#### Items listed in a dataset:

_____

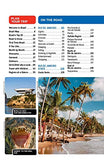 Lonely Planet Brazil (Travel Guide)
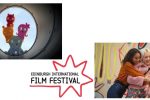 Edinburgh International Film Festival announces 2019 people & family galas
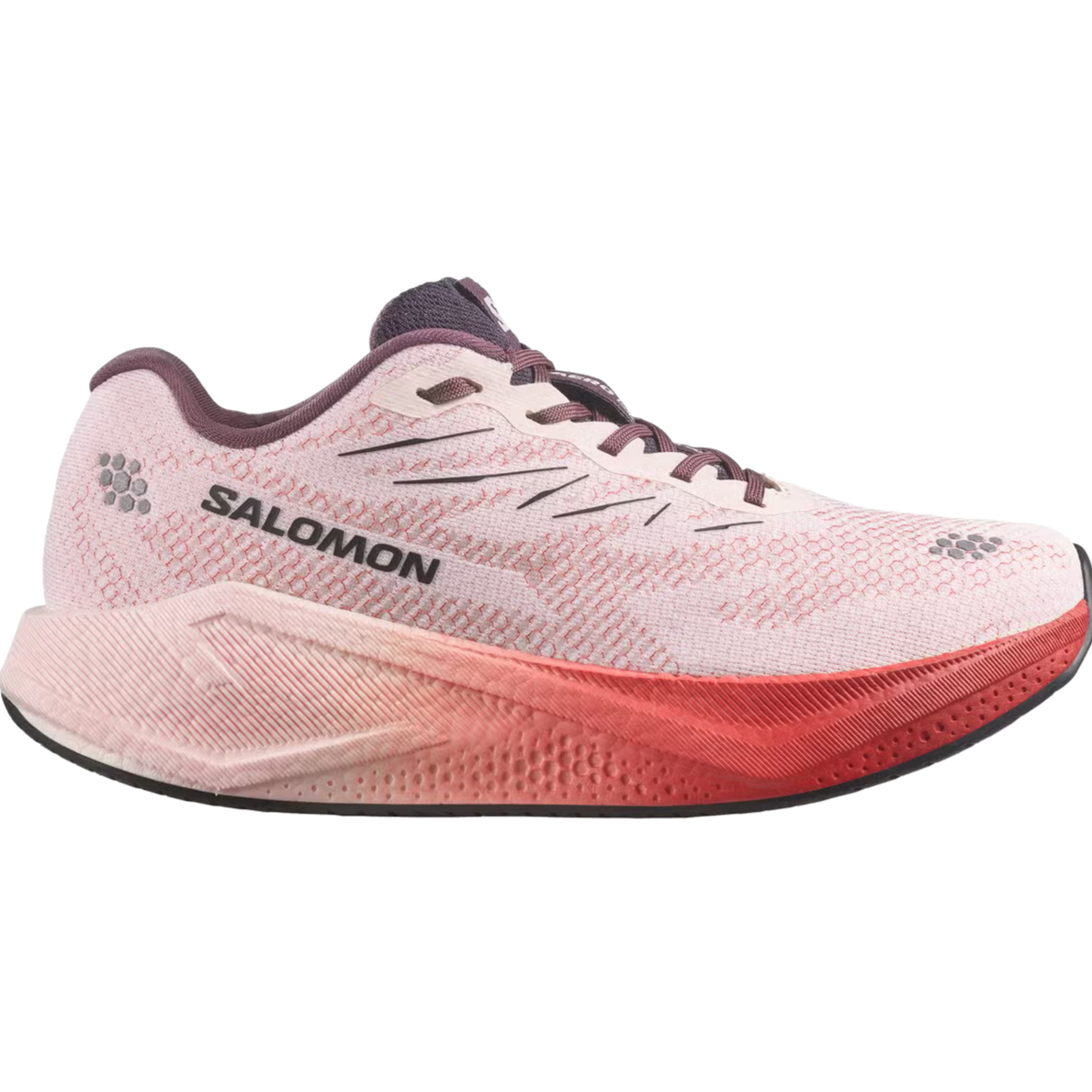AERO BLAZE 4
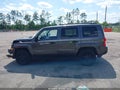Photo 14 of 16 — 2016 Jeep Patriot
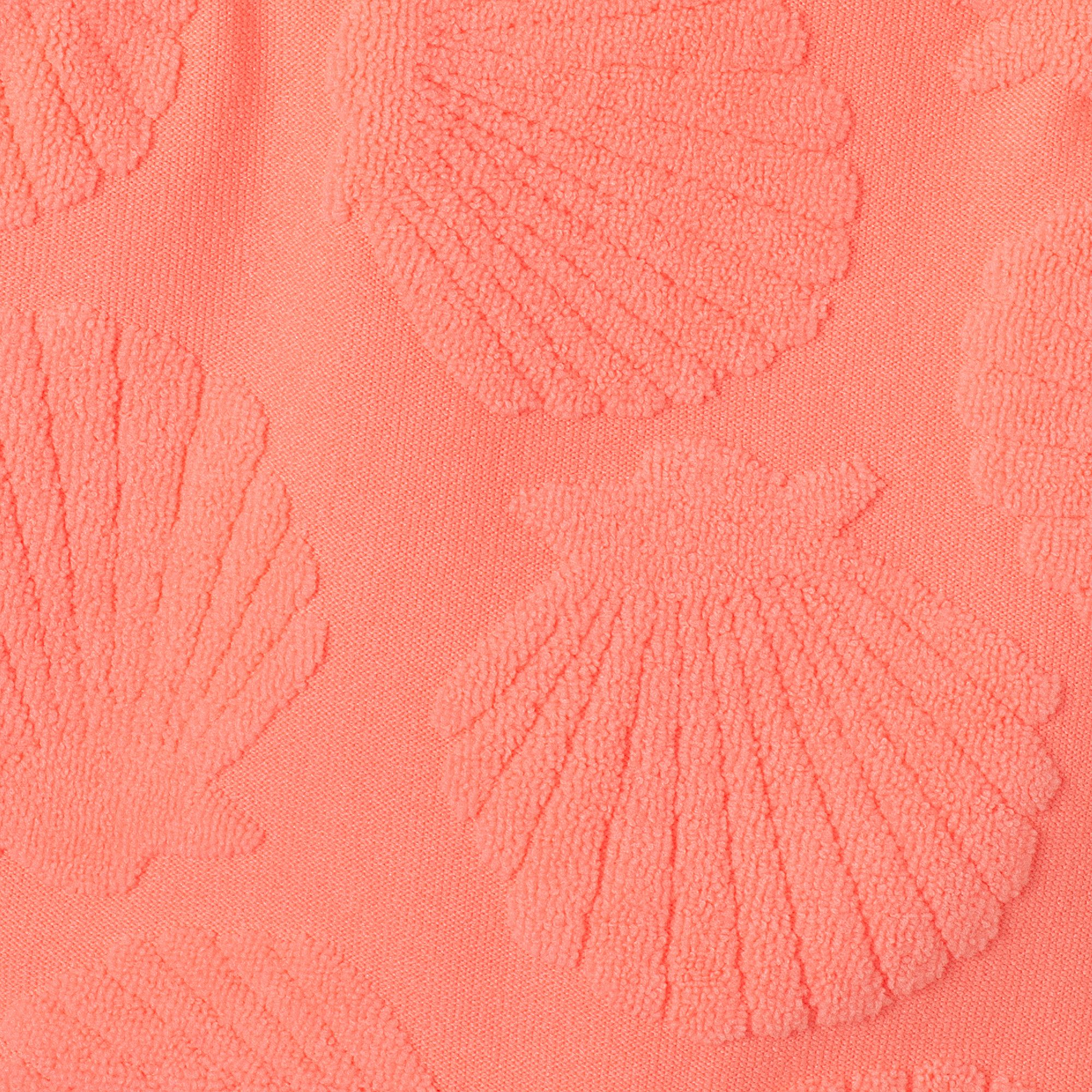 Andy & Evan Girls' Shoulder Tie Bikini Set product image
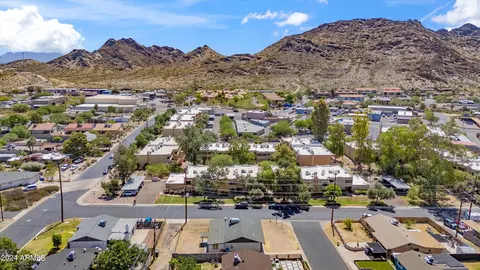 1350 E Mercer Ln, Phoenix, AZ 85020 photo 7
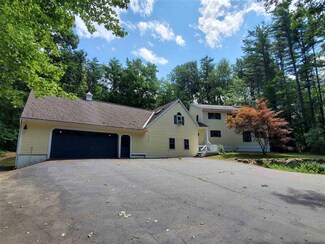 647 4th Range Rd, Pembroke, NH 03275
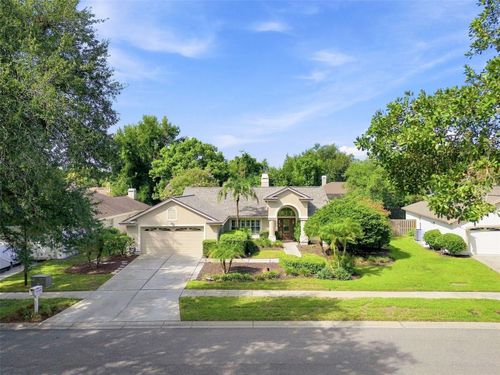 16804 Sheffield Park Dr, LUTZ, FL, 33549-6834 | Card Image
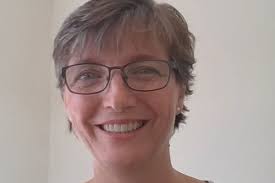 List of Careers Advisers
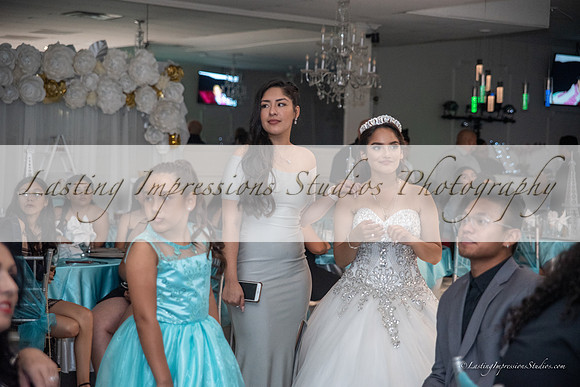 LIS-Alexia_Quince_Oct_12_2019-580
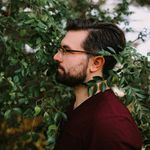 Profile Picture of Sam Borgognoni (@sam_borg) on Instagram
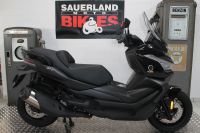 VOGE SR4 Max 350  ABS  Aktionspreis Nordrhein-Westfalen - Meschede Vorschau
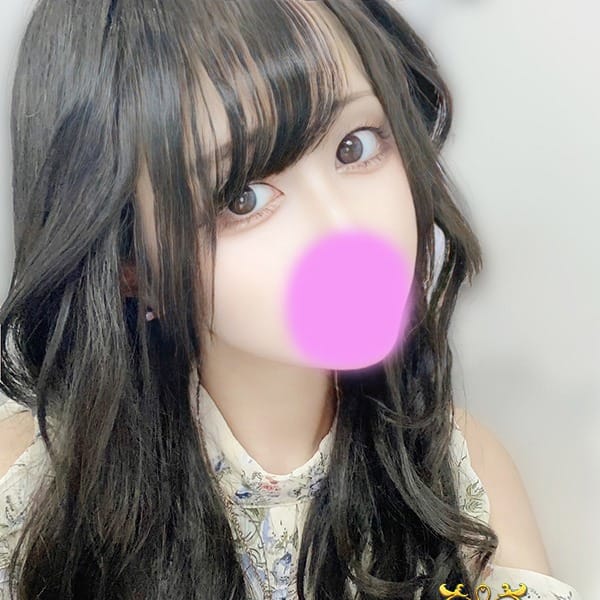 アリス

_____

#### Aim of the exercise:
Leave out the pictures, then return every line of the data exactly.

#### Answer space:
 Lonely Planet Brazil (Travel Guide)
 Edinburgh International Film Festival announces 2019 people & family galas
AERO BLAZE 4
Photo 14 of 16 — 2016 Jeep Patriot
 Andy & Evan Girls' Shoulder Tie Bikini Set product image
 1350 E Mercer Ln, Phoenix, AZ 85020 photo 7
 647 4th Range Rd, Pembroke, NH 03275
 16804 Sheffield Park Dr, LUTZ, FL, 33549-6834 | Card Image
 List of Careers Advisers
 LIS-Alexia_Quince_Oct_12_2019-580
 Profile Picture of Sam Borgognoni (@sam_borg) on Instagram
 VOGE SR4 Max 350  ABS  Aktionspreis Nordrhein-Westfalen - Meschede Vorschau
 アリス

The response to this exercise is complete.